2. Leg de kaart met de gladde kant op het glas.
3. Druk de kaart zachtjes aan, zodat er geen lucht meer onder zit.

vraag 1: Wat denk je dat er gebeurt als je het glas omkeert?

Mika denkt dat het water in het glas blijft.
Jan en Lena denken dat er een beetje water uit het glas gaat stromen.

4. til het glas op.
5. keer het glas voorzichtig om.

vraag 2: Wat is er gebeurd?

Al het water is in het glas gebleven.

vraag 3: Hoe denk je dat dit komt? 

Wij denken dat de kaart het water tegen houdt.

UITLEG PROEF 3:


Als je het glas met het water en de kaart omkeert, dan drukt de lucht van onder harder tegen de kaart dan het water van boven. Daardoor blijft de kaart hangen en valt het water niet uit het glas.

HSK 1ste graad

ZWAARTEKRACHT

PROEF 1: pak de munt

nodig:

- 1 euromunt
- jezelf
- 10 minuten

stappen:

1. houd je elleboog naar voren
2. houd je handpalm omhoog
3. leg de munt op je arm, vlakbij je elleboog

vraag 1: Denk je dat je de munt kunt pakken?


nee!

4. probeer de munt te pakken met de hand van dezelfde arm. 

vraag 2: Is het gelukt om de munt te pakken?

nee!

vraag 3: Hoe denk je dat dit komt?

Mika en Lena: De munt lag te dicht bij mijn elleboog.
Jan: Mijn hand ligt verkeerd om de munt te pakken. 

UITLEG PROEF 1:

Als je je arm beweegt om de munt te pakken, dan glijdt de munt er vanaf. De munt beweegt aan het begin langzaam, terwijl je je arm gelijk al snel kunt bewegen. Daarom kun je de munt gemakkelijk in de lucht pakken.
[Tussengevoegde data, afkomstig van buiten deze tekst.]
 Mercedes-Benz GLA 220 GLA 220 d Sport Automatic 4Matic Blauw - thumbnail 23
Ons is het niet gelukt om de munt te pakken. Misschien lukt het jou wel ...?


PROEF 2: gevallen papier

nodig:

- vel papier
- een oud boek
- een schaar
- 15 minuten


stappen:

1. knip een stuk papier af dat iets kleiner is dan het boek.
2. houd het stuk papier in je ene hand.
3. houd het boek in je andere hand.
4. laat het vel papier en het boek tegelijk vallen.
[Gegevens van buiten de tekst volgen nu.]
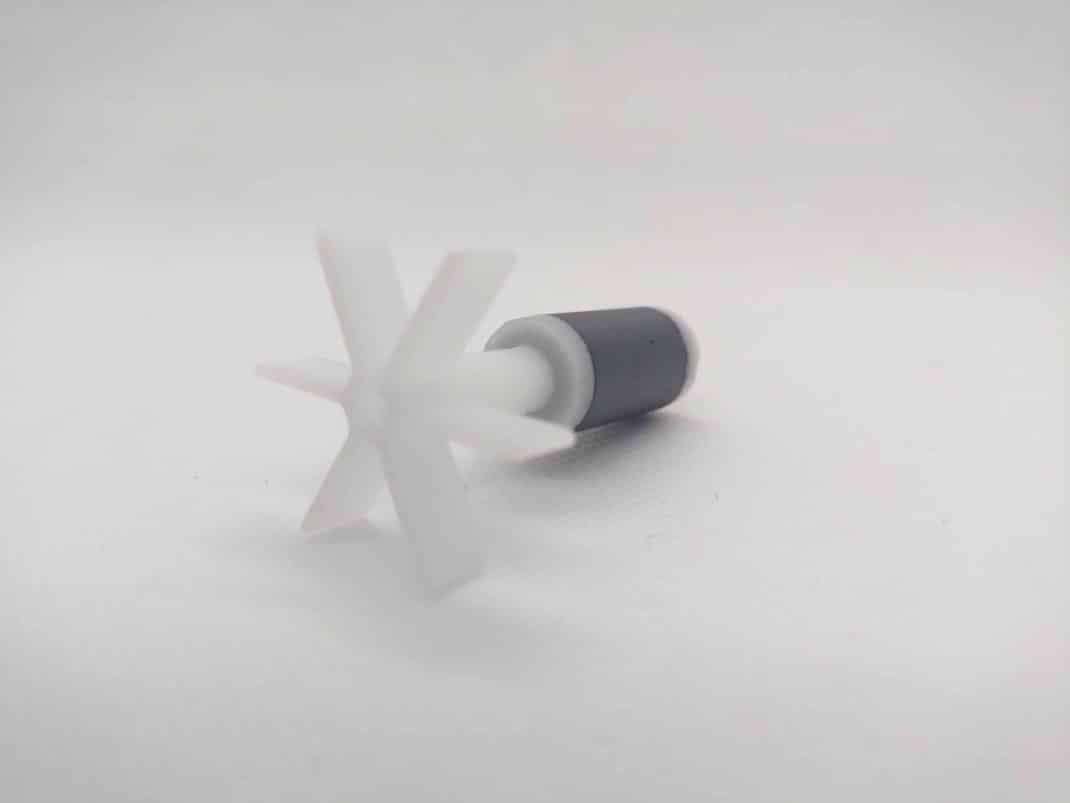 Aquael Rotor Unimax 500/700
vraag 1: Wat is er gebeurd?

Het blad zweeft een beetje meer en het boek valt recht naar beneden. 

vraag 2: Wat denk je dat er gebeurt als je het papier op het boek legt en ze samen laat vallen?

Ze vallen samen naar beneden tot op de grond.
5. leg het papier bovenop het boek.
6. laat nu het boek met het papier erop vallen. 


vraag 3: Wat is er gebeurd?

Ze vallen tegelijk op de grond. 

vraag 4: Hoe denk je dat dit komt?

De lucht duwt onder het blad, zodat het blad zweeft, het boek is zwaarder dan de lucht en valt meteen naar beneden. 
Hoe het komt dat ze samen vallen, weten we niet.

UITLEG PROEF 2:

Een vel papier is licht en kan de lucht niet zo goed wegduwen. Een boek is iets zwaarder en kan daarom de lucht iets beter wegduwen. Daarom valt een boek sneller. Als je het vel papier op het boek legt, dan duwt het boek de lucht weg voor het papier en kan het papier even snel vallen als het boek


PROEF 3: vallende mok

nodig:

- een mok met een oor
- een sleutel
- een stevig dun touw
- een lang potlood
- een liniaal
- een zachte ondergrond
- een schaar
- 10 minuten

stappen:

1. knip een stuk touw van 1 meter af.
2. knoop het ene uiteinde van het touw goed vast aan het oog van de sleutel.
3. knoop het andere uiteinde van het touw goed vast aan het oor van de mok.
4. ga op een plek staan waar je de ruimte en een zachte ondergrond hebt.
5. houd het potlood horizontaal vast met je linkerhand.
6. hang het touw over het midden van het potlood.
7. trek met je rechterhand aan de sleutel, zodat de mok tegen het potlood aankomt.
8. houd de sleutel iets lager dan de mok.

vraag 1: Wat denk je dat er gebeurt als je de sleutel loslaat?

Dan valt de mok naar beneden.

9. laat de sleutel los. 

vraag 2: Wat is er gebeurd?

De mok bleef hangen aan de sleutel en viel niet op de grond.
Het touw aan de sleutel draaide rond het potlood.

vraag 3: Hoe denk je dat dit komt?

We vonden het best spectaculair, maar weten niet hoe dit komt.

UITLEG PROEF 3:

De mok valt naar beneden door de zwaartekracht. De mok trekt harder aan het touw dan de sleutel, omdat de mok zwaarder is. De sleutel beweegt omhoog, maar ook opzij. Daardoor gaat de sleutel met het touw rond het potlood draaien. Als het touw vaak genoeg om het potlood gedraaid is, dan blijft de mok hangen.